Il nuovo governo a Teheran potrà cambiare i rapporti di forza e le relazioni con Hezbollah?
Difficile che Teheran modifichi il rapporto con Hezbollah, perché rappresenta la roccaforte della sua presenza in Medio oriente. È quello che viene considerato il braccio operativo dell’Iran, sul quale ha investito per tantissimi anni e da esso non si può scollegare. Inoltre, bisogna considerare che Hezbollah non è solo una milizia armata ma anche un partito politico rappresentato in Parlamento e fa dunque parte del tessuto sociale libanese. Questo vuol dire che l’Iran è riuscita a entrare nel Libano come protagonista permanente ed è difficile lasci Hezbollah, che ne prenda le distanze anche se non può fare altro che inviare armi. Tuttavia, vi è pure da sottolineare che in uno degli ultimi discorsi Hassan Nasrallah ha ricordato che sarà lui a rispondere agli attacchi e non l’Iran, marcando una certa autonomia. Ed evitando di trascinare l’Iran in uno scontro con Israele, che è uno degli obiettivi del primo ministro Benjamin Netanyahu. Hezbollah ha trasformato il Libano nella “prima linea” di questo confronto, per proteggere e allontanare la minaccia sull’Iran.
Dalla prospettiva giordana, come si guarda alle crescenti tensioni in Medio oriente e, soprattutto, a che livello sono le relazioni fra Amman e Teheran?
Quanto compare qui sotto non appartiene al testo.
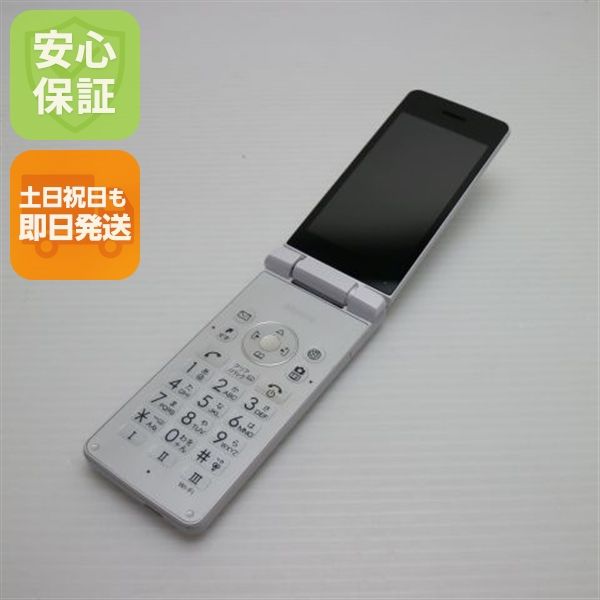 ¿ݾ  805SH AQUOS 3 ۥ磻  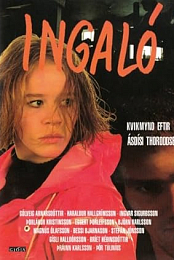 Ingalo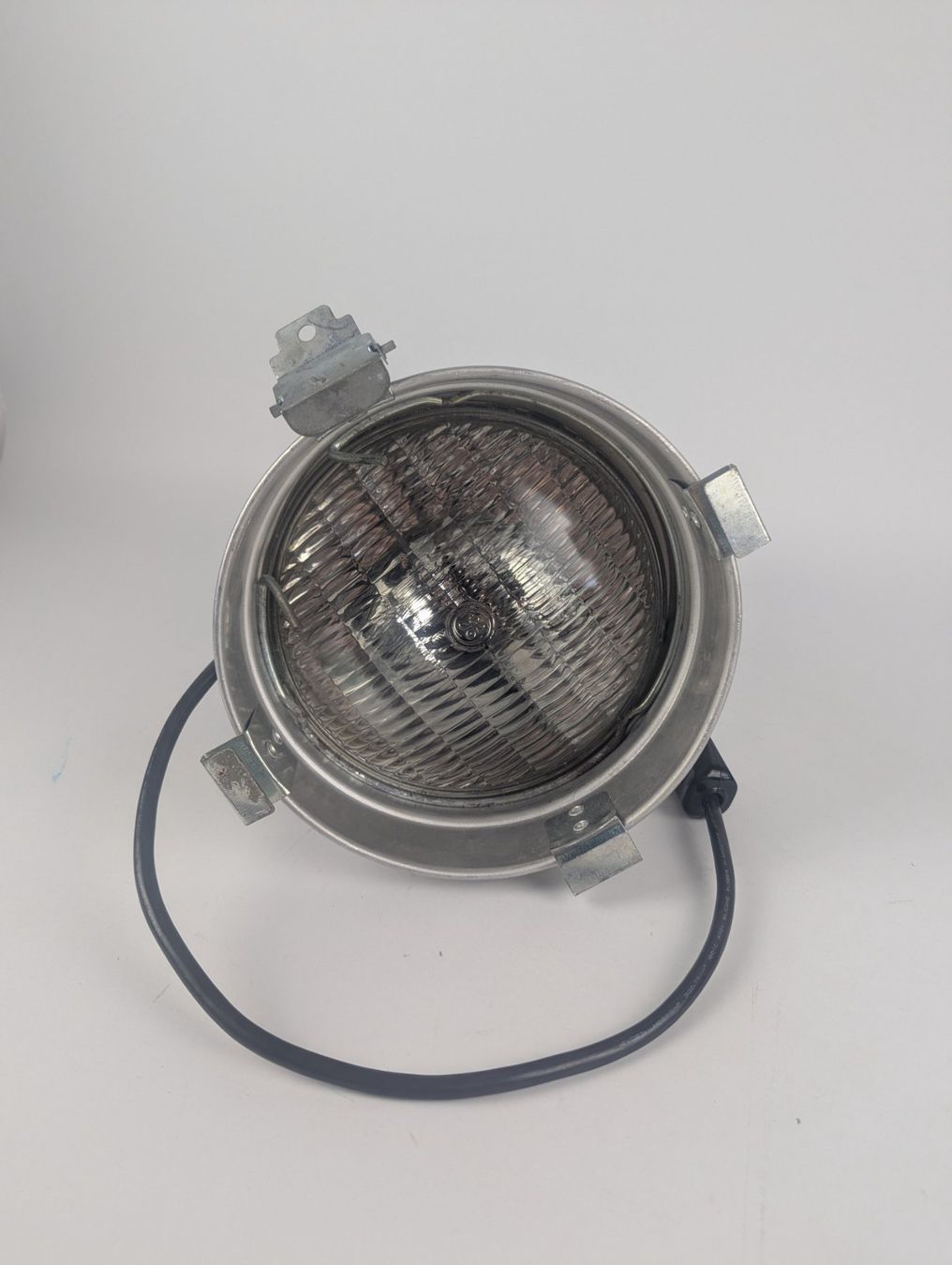 Lampen: EUROLITE Spotlight – Gebraucht aus Liebefeld von Restwert_Liebefeld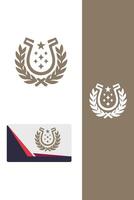 Moose Peak Logo vector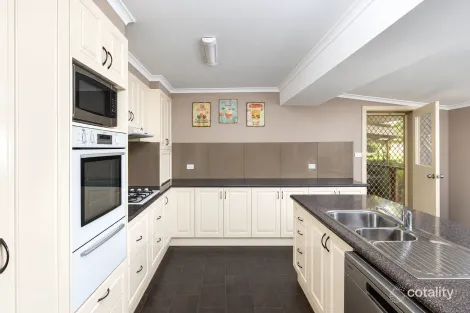 Property photo of 156 Sunset Lane Kapooka NSW 2661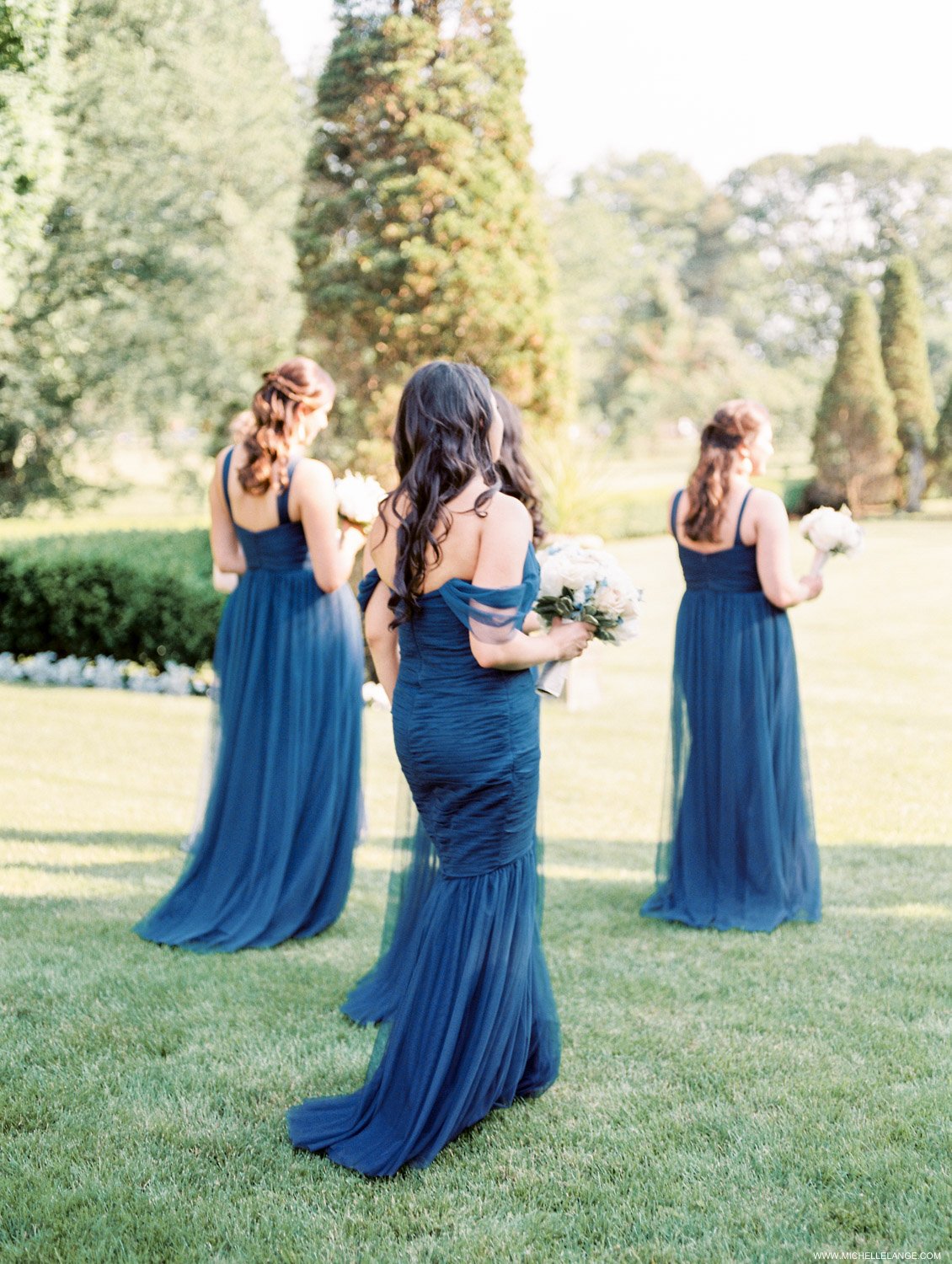 The Carltun Wedding by Michelle Lange Photography-31.jpg
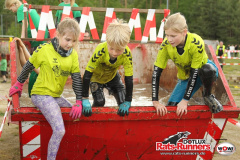 Emskirchen_KIDS_26_KIDS01081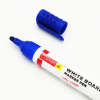 Camlin Kokuyo - White Board Marker Pen - Blue
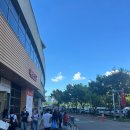 2022 쿠팡플레이시리즈 친선경기 (팀K리그 vs.토트넘) | [블챌] 2024 쿠팡플레이 시리즈 팀 K리그 vs 토트넘 핫스퍼 직관 후기 ⚽️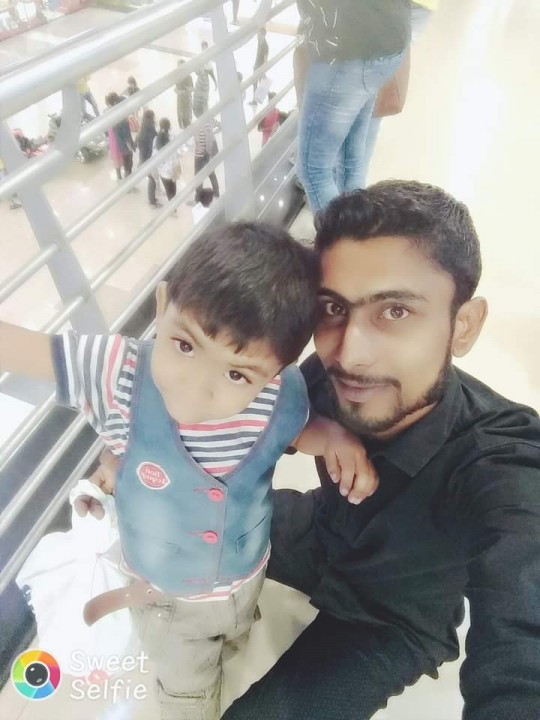 Biswajit080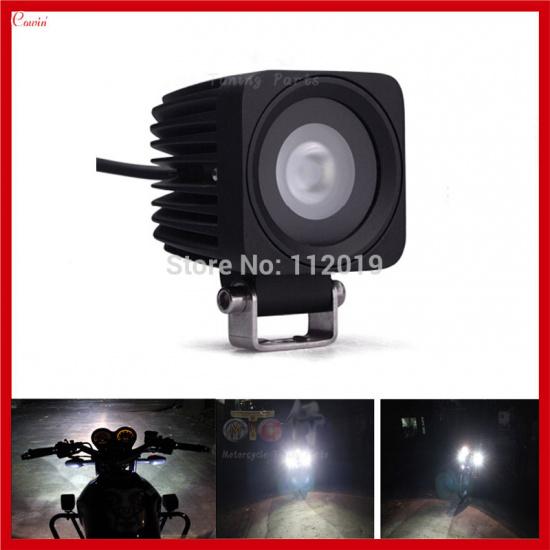 New 12v/24v Truck Car Oil Pressure Gauge Engine Oil Pressure Meter Volt Guage Monitor Displayer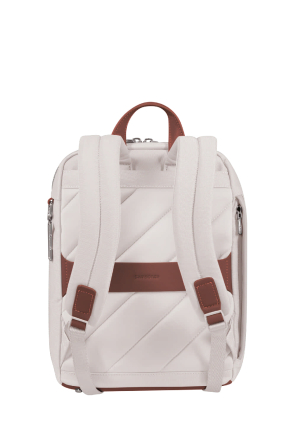 Рюкзак Image biz IVORY - samsonite.ua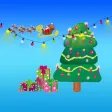 Ultimate Christmas Stickers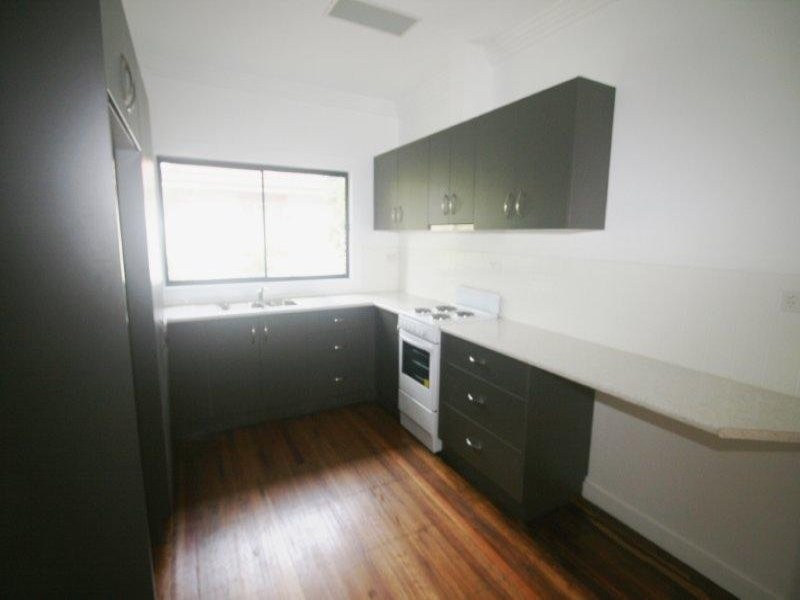 1203 Gympie Road, Aspley QLD 4034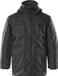 Mascot Industry Parka 10010-194 - Noir - 4XL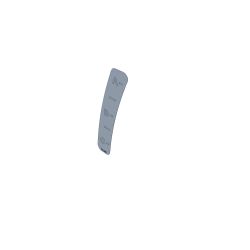 Toro 110-2067 Baffle Setting Decal - TOR 110-2067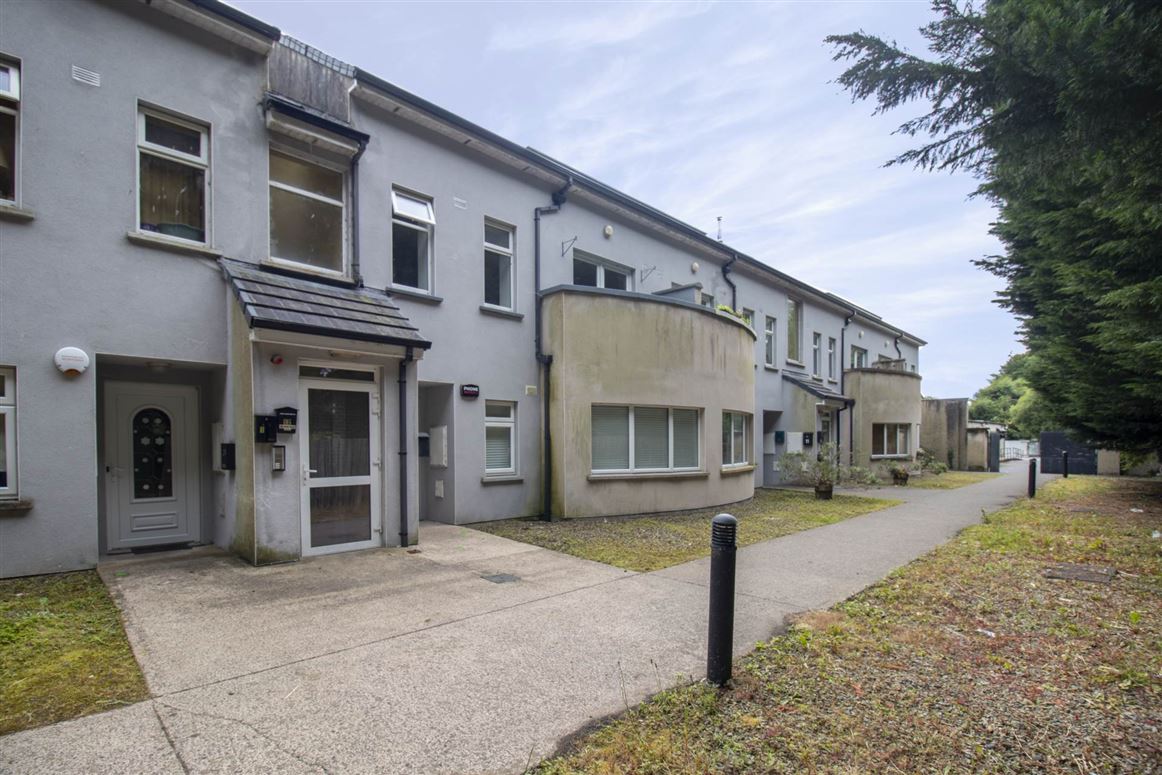 12 Eaglewood Manor, Erne Hill, Belturbet, County Cavan
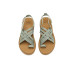 Teva Voya Strappy Teva Voya Strappy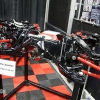 pri-show-race-cars-2014-023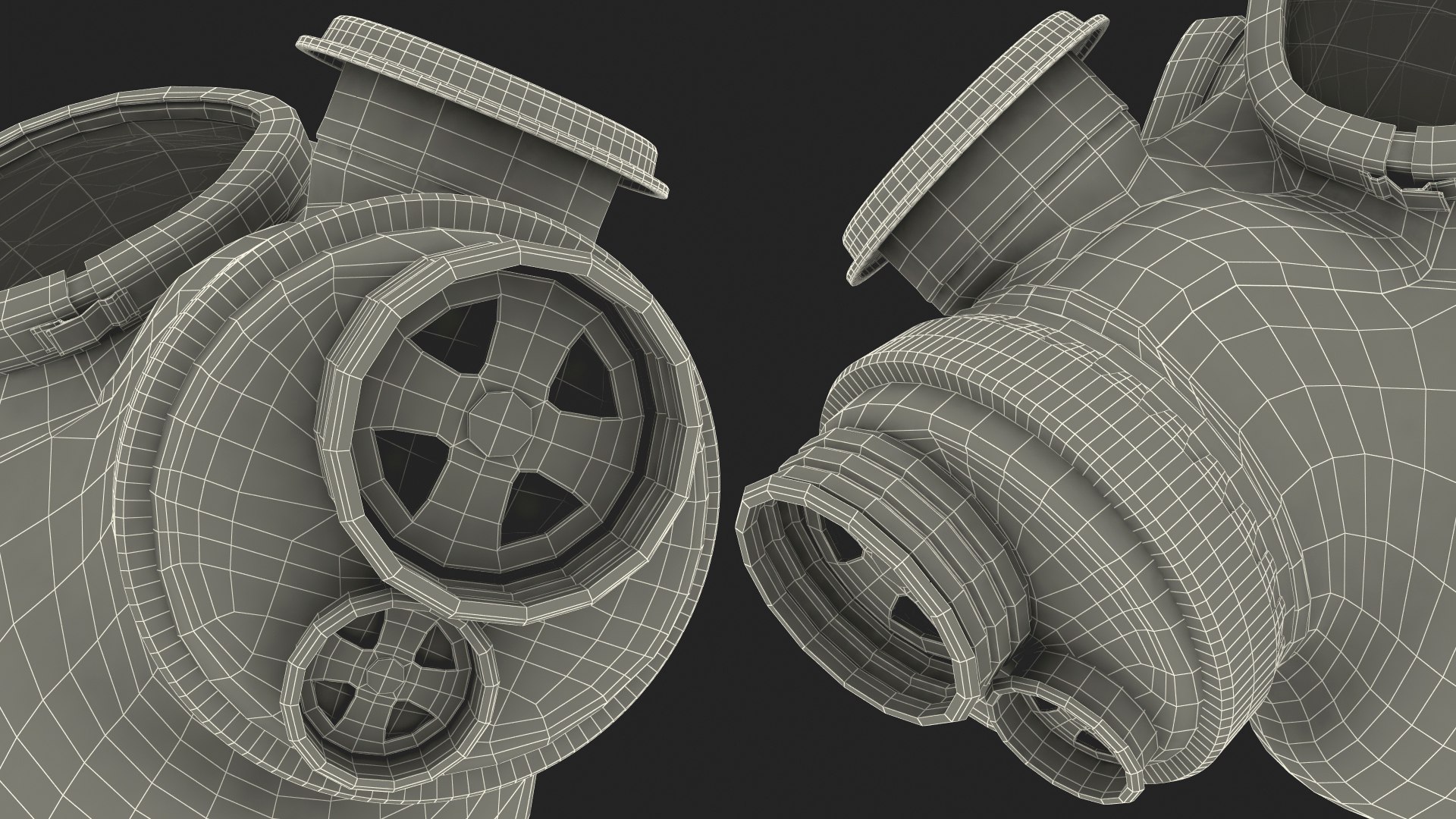 3D russian gas mask model https://p.turbosquid.com/ts-thumb/oN/it634r/k7MCEFtN/russiangasmask3dmodel023/jpg/1591348730/1920x1080/fit_q87/360a99d36d4f3f6bcaacef0fc23432b94f909827/russiangasmask3dmodel023.jpg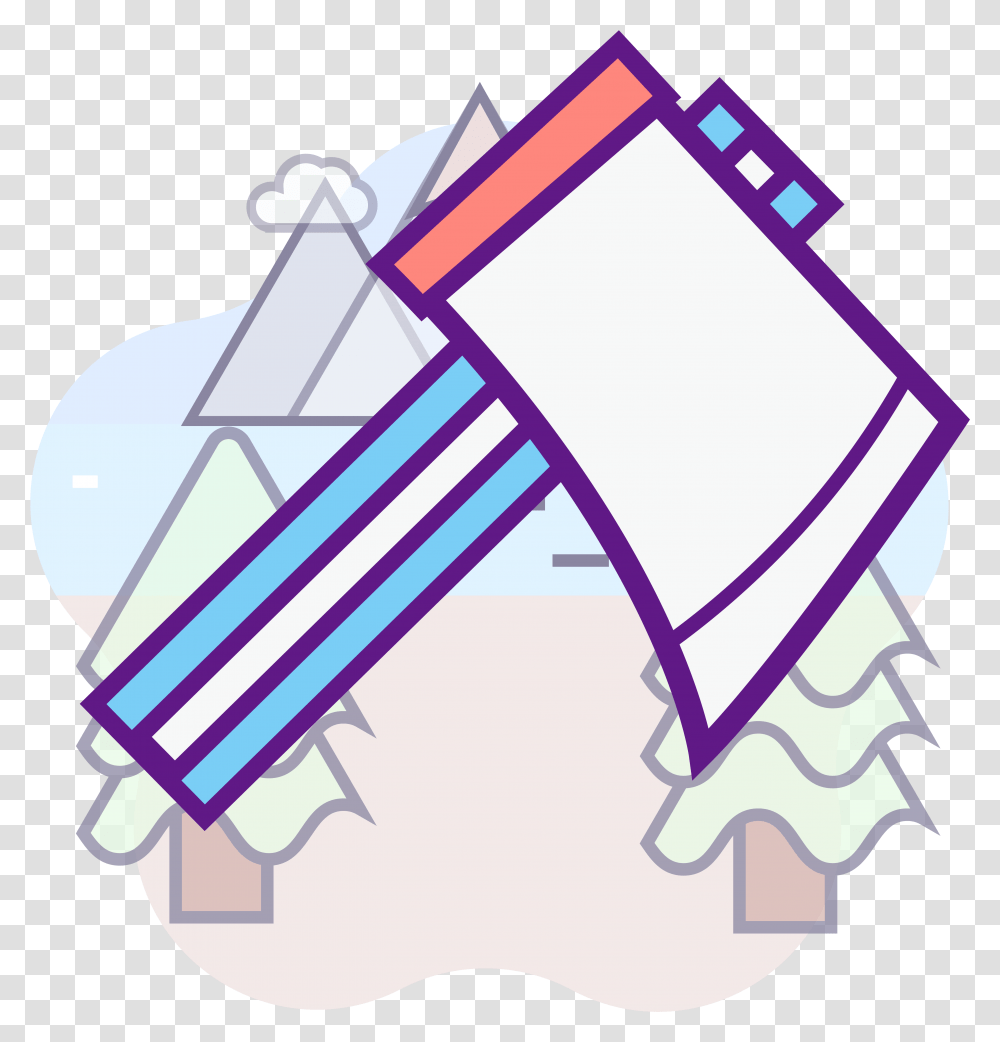 Knife Vector Icon, Telescope Transparent Png
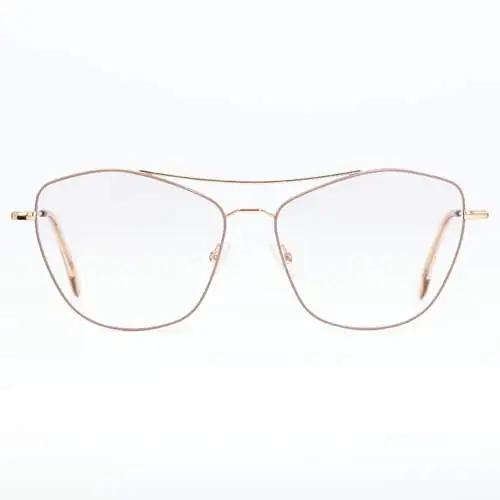 Andy Wolf 4747 col. c - 2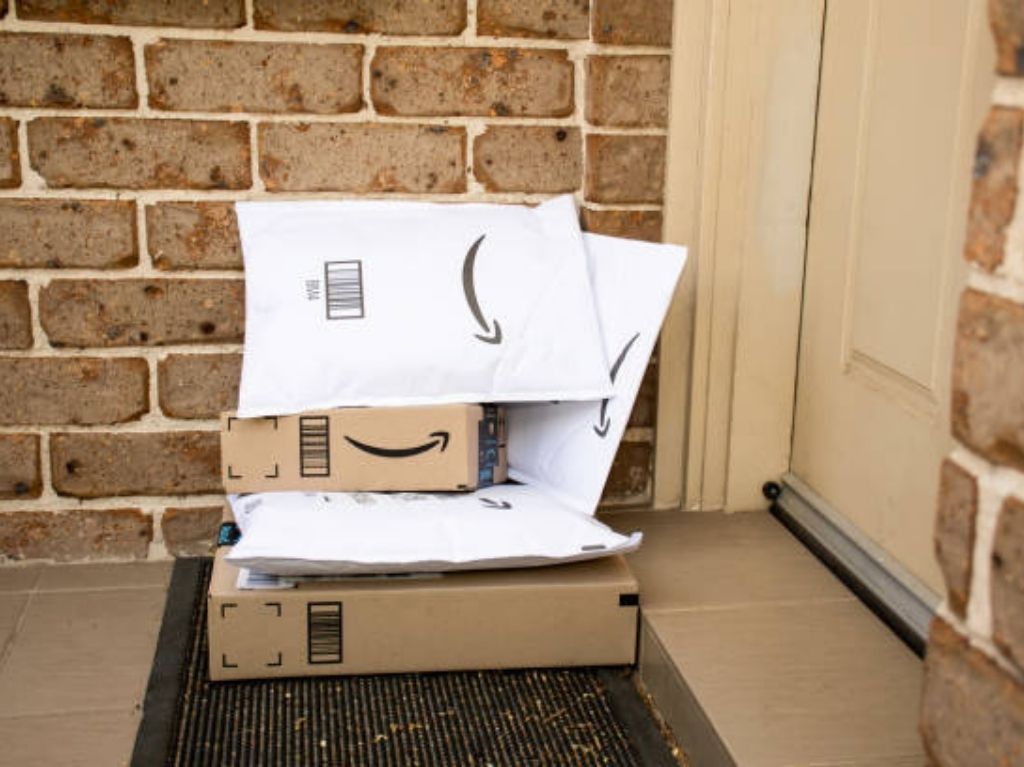 amazon-prime-day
La Giordania teme che l’escalation di questo conflitto possa divampare in una guerra regionale, con rischi e conseguenze per tutti. A livello geografico, purtroppo, la Giordania si trova nel mezzo e questo si è reso manifesto anche nell’aprile scorso quando l’Iran ha deciso di rispondere a Israele violando lo spazio aereo giordano. Amman, facendo parte del comando centrale americano, ha dovuto rispondere ma ha capito subito che un confronto del genere finirà per avere delle conseguenze gravissime. Inoltre, vi è la politica aggressiva iraniana che attacca la Giordania e basa milizie nel sud della Siria, per alimentare il contrabbando interno di droga e armi. Ecco perché, ora, l’idea del governo di Amman è quella di azzerare il conflitto e non mostrare alcun segnale di ostilità verso Teheran, pur facendo capire che il suo territorio deve essere risparmiato. Tutto sommato credo che il messaggio sia stato chiaro e sia stato raccolto, a maggior ragione oggi con l’arrivo dei riformisti, facendo loro capire che il Paese deve essere salvaguardato. Anche se la sua collocazione non aiuta la Giordania: c’è il rischio che la situazione possa degenerare. Per la propria sicurezza la Giordania è disposta a tutto, anche parlare con l’Iran pur di allontanare lo scenario di una guerra regionale.